Data provided

Content starts

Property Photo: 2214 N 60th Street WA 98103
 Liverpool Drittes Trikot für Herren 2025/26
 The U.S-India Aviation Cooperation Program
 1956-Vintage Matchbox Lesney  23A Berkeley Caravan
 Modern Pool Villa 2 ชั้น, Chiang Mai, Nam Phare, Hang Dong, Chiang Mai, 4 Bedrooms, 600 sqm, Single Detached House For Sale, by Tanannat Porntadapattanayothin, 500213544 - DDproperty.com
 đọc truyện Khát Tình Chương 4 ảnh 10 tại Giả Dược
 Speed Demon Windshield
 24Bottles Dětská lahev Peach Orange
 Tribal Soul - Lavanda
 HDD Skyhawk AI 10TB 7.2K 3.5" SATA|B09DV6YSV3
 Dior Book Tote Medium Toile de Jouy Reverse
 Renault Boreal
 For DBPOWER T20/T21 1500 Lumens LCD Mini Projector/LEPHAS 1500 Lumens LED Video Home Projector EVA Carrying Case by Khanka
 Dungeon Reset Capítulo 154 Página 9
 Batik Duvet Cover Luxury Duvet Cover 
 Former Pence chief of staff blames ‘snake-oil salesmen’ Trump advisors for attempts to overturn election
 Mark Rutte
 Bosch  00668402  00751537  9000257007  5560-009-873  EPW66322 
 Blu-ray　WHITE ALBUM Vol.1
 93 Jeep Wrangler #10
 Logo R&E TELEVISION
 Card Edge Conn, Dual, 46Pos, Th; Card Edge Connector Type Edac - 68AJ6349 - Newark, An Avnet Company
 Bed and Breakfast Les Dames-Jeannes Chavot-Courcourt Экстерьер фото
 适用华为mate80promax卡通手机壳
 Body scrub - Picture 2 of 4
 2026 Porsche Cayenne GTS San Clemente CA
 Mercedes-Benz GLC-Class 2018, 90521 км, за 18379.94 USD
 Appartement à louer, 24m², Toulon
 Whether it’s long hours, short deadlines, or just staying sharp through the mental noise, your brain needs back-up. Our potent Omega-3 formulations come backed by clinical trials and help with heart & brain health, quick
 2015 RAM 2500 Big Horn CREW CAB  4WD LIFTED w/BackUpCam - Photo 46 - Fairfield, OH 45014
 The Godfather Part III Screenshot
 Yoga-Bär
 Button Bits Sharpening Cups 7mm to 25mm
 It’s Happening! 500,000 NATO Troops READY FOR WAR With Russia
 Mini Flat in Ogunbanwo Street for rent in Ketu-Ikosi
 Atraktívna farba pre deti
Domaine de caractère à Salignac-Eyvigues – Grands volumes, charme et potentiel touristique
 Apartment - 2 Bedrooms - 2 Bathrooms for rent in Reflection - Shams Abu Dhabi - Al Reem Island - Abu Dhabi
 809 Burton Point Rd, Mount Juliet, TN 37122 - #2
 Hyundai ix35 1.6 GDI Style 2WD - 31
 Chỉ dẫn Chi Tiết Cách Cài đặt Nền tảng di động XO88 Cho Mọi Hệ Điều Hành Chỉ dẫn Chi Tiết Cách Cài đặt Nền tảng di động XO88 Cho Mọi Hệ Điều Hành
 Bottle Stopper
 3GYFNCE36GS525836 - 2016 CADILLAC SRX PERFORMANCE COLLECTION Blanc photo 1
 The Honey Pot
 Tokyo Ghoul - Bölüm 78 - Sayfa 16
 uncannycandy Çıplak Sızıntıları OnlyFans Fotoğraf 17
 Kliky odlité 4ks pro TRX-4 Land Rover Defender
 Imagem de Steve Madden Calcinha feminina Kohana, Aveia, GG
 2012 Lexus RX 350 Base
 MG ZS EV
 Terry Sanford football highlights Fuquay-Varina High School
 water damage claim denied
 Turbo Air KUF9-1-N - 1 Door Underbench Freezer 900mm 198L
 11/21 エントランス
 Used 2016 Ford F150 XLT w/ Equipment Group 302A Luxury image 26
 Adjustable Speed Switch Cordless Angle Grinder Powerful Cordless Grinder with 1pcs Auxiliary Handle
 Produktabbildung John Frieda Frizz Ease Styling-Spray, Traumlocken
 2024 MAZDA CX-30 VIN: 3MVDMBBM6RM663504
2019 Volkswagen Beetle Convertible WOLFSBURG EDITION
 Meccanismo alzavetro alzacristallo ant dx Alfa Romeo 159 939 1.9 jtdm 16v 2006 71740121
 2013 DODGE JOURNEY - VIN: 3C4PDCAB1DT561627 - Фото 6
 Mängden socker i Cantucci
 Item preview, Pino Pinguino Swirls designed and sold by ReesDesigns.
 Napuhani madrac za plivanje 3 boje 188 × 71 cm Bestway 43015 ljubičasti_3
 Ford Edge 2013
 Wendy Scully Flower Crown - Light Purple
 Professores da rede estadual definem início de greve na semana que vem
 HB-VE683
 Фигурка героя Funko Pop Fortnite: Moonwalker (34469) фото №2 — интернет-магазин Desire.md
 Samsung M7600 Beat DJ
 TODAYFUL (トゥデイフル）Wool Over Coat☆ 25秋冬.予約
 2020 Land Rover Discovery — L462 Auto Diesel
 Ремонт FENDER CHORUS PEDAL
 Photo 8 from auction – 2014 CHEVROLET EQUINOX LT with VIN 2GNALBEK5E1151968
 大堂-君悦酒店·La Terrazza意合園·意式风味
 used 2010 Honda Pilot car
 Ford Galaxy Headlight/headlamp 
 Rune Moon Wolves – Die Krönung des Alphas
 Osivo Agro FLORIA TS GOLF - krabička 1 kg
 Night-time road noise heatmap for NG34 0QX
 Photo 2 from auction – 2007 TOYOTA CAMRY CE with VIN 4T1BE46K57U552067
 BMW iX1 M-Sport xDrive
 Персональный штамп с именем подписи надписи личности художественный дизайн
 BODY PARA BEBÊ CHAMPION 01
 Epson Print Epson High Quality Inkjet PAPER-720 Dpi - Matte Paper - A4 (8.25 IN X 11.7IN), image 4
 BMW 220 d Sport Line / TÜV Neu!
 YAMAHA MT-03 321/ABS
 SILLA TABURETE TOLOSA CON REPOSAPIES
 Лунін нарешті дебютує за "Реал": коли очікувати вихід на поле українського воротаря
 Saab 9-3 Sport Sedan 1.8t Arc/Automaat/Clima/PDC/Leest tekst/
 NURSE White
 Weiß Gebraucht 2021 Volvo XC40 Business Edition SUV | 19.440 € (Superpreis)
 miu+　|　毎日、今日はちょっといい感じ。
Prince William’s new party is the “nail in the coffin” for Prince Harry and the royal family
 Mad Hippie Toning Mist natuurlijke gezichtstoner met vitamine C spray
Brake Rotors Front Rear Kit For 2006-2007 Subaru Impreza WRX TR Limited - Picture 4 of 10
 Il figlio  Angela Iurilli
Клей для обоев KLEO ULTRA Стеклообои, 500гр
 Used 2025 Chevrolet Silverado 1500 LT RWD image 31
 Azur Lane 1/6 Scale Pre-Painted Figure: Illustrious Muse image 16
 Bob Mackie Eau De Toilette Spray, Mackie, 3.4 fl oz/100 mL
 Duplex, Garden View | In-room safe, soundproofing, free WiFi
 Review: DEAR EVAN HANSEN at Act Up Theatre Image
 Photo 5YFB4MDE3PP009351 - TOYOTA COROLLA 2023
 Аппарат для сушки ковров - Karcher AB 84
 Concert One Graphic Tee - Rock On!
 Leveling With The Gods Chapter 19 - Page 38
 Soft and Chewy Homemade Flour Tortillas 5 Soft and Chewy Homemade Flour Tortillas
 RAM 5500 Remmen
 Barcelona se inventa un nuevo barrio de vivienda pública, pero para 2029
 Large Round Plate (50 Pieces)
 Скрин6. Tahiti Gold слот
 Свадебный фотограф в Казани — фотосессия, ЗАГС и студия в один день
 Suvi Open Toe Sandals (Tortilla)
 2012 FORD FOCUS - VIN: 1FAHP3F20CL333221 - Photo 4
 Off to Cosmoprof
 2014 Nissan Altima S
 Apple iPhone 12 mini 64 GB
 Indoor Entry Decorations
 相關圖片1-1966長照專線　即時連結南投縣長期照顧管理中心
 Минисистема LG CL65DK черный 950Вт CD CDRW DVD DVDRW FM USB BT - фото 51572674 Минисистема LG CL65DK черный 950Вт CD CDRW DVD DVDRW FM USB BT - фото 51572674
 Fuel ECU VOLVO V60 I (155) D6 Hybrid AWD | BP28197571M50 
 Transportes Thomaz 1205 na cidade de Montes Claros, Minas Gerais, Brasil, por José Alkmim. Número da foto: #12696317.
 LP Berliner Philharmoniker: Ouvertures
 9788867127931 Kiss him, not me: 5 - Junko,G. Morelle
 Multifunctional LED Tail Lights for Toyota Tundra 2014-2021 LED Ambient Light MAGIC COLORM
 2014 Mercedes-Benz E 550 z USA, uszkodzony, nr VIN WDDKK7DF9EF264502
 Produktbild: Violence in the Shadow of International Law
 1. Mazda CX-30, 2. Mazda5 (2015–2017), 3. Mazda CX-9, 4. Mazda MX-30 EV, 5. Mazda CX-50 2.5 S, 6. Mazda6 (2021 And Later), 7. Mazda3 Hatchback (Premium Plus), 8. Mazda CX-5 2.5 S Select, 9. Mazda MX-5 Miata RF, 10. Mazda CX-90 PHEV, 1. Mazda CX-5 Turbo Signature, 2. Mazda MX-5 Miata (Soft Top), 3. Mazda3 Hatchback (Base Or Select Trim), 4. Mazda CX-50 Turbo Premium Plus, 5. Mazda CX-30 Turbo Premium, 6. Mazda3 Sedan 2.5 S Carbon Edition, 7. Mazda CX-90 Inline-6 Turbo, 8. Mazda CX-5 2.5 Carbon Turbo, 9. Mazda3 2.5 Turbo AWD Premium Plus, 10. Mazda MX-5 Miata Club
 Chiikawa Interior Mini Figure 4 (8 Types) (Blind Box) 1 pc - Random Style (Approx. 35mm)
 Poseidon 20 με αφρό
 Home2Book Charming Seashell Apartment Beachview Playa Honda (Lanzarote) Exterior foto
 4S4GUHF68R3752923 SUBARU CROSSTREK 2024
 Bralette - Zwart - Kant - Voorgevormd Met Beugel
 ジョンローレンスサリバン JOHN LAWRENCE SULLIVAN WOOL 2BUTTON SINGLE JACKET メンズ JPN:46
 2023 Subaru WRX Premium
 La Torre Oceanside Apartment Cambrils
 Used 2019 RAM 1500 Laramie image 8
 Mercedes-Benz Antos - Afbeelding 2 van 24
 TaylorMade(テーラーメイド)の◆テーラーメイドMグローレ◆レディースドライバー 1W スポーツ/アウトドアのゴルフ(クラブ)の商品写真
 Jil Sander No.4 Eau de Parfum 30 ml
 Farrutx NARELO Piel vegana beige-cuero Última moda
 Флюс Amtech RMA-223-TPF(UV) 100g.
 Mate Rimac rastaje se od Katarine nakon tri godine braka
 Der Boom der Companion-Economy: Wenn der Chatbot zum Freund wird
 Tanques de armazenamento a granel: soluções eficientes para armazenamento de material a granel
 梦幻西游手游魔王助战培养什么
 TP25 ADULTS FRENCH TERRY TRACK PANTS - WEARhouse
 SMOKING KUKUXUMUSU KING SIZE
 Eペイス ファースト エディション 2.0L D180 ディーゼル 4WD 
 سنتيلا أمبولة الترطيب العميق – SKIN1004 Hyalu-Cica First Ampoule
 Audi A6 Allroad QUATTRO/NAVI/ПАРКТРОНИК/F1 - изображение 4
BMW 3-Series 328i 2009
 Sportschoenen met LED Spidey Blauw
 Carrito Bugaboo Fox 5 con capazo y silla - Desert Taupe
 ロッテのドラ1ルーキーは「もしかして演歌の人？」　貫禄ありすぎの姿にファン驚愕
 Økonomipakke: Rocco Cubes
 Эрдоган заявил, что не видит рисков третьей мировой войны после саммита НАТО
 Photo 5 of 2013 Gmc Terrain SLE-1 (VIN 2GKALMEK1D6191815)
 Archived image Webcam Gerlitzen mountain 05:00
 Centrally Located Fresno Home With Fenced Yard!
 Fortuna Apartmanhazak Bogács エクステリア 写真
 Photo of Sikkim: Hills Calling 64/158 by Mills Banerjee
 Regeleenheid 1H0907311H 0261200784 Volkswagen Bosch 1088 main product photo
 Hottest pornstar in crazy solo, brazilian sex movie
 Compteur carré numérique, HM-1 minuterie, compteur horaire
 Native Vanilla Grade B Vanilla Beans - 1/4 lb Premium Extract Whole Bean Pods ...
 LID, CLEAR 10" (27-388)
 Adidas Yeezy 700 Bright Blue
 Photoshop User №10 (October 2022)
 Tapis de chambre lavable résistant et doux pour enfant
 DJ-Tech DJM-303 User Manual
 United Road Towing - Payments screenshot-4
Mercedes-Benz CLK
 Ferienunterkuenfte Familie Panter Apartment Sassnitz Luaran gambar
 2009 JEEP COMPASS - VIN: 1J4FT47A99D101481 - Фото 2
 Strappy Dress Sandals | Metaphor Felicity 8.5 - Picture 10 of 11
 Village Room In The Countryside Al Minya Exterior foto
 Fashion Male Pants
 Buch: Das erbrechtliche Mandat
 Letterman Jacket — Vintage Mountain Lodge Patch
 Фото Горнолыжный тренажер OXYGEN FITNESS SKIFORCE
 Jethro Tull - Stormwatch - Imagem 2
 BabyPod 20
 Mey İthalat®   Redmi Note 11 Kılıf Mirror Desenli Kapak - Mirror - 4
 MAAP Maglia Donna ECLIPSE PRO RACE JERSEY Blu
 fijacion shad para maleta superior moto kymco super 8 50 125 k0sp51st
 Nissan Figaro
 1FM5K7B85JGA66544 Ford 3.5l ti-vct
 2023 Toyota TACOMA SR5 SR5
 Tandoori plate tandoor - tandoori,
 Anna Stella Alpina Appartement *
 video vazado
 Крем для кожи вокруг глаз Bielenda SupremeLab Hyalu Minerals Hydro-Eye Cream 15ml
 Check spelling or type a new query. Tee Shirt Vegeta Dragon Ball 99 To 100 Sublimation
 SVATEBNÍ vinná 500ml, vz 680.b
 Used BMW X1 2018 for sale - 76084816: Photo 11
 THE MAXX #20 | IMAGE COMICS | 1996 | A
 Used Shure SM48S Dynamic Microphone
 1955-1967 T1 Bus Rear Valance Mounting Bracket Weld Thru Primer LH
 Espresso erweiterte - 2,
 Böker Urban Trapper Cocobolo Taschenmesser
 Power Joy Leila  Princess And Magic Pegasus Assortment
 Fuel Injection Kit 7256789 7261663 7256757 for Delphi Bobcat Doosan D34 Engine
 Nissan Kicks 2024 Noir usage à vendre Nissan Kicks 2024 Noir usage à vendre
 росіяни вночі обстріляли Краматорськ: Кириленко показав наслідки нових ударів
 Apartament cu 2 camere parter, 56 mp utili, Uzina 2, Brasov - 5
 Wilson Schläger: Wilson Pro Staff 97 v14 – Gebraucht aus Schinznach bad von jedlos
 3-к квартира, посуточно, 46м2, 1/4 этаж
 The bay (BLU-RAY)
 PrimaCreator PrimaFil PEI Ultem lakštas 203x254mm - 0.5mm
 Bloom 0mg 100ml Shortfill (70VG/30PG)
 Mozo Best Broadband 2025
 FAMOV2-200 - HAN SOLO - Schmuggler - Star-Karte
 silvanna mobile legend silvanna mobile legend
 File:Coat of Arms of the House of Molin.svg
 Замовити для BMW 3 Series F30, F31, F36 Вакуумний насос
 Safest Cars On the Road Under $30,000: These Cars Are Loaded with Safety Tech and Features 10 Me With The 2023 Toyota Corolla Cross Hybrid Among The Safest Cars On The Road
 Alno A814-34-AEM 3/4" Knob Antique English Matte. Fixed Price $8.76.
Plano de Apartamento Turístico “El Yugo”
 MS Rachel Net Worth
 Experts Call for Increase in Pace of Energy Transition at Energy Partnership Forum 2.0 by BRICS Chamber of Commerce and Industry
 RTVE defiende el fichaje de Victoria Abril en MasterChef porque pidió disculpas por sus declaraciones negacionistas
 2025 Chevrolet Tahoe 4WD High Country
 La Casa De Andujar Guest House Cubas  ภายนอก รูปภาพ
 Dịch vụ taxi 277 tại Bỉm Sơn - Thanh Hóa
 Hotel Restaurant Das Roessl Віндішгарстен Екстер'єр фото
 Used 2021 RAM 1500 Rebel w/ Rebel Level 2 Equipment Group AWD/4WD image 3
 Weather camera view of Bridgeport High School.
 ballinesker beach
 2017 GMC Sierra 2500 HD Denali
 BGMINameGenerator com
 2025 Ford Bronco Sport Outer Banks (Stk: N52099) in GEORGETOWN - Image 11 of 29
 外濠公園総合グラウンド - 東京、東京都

Content ends

Work required
Would you copy every line of the entries that includes the word "Street"?

Exercise response
Property Photo: 2214 N 60th Street WA 98103
 Mini Flat in Ogunbanwo Street for rent in Ketu-Ikosi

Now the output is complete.